Tak seperti punahnya Friendster karena datangnya format medsos baru MySpace, Facebook takkan punah dengan cepat karena beberapa alasan mendasar. Pertama, pengguna layanan sosial itu kini tercatat sebanyak 2 miliar orang, hampir seperempat penduduk dunia. Walau beberapa minggu terakhir gerakan mendelete akun Facebook ramai di berbagai medsos, tercatat dari survei lembaga Creative Strategies hanya sekitar 9 persen pemilik akun di AS menghapus dirinya dari Facebook.

Kedua, Facebook tak hanya raksasa dari dana yang terakumulasi didalamnya, tapi juga merupakan pemilik Youtube dan Whatapps, dua raksasa teknologi lainnya. Ketiganya kini adalah bagian dari kehidupan sehari-hari mayoritas orang.

Terakhir, walaupun kasus pencurian data Facebook itu sering digembar-gemborkan sebagai ancaman bagi demokrasi, tapi pertanyaan bisa dibalik, apakah demokrasi bisa berjalan dengan baik tanpa medsos?

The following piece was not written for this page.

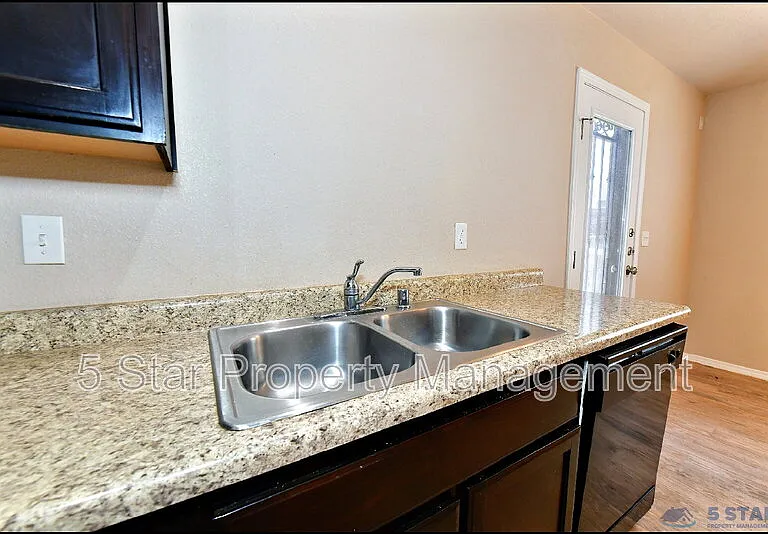 916 Villa Seca Dr — Photo 22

Seperti ditulis Jakob Ohme dalam theconversation.com (Facebook is now a vital part of our democracy), Facebook dan beberapa platform medsos lain kini memainkan peranan utama dalam kehidupan politik kini. Banyak warga negara kini menyandarkan berita-berita hariannya justru dari medsos, di saat sama ketika jumlah sirkulasi media cetak terus turun dan rating siaran berita di televisi stagnan. Bagi generasi muda yang lahir bersama internet, kenyataan ini bahkan begitu nyata; mereka hidup di dunia di mana berita bukanlah suatu yang harus dicari, berita yang aakan mendatangai mereka. Lagi-lagi bersandar pada mekanisme medsos.

Medsos kini juga menjadi ruang penting untuk berpolitik, diskusi, dan menjalin gerakan. Para tokoh politik kini juga menggunakan medsos bagian penting dari strategi kampanyenya.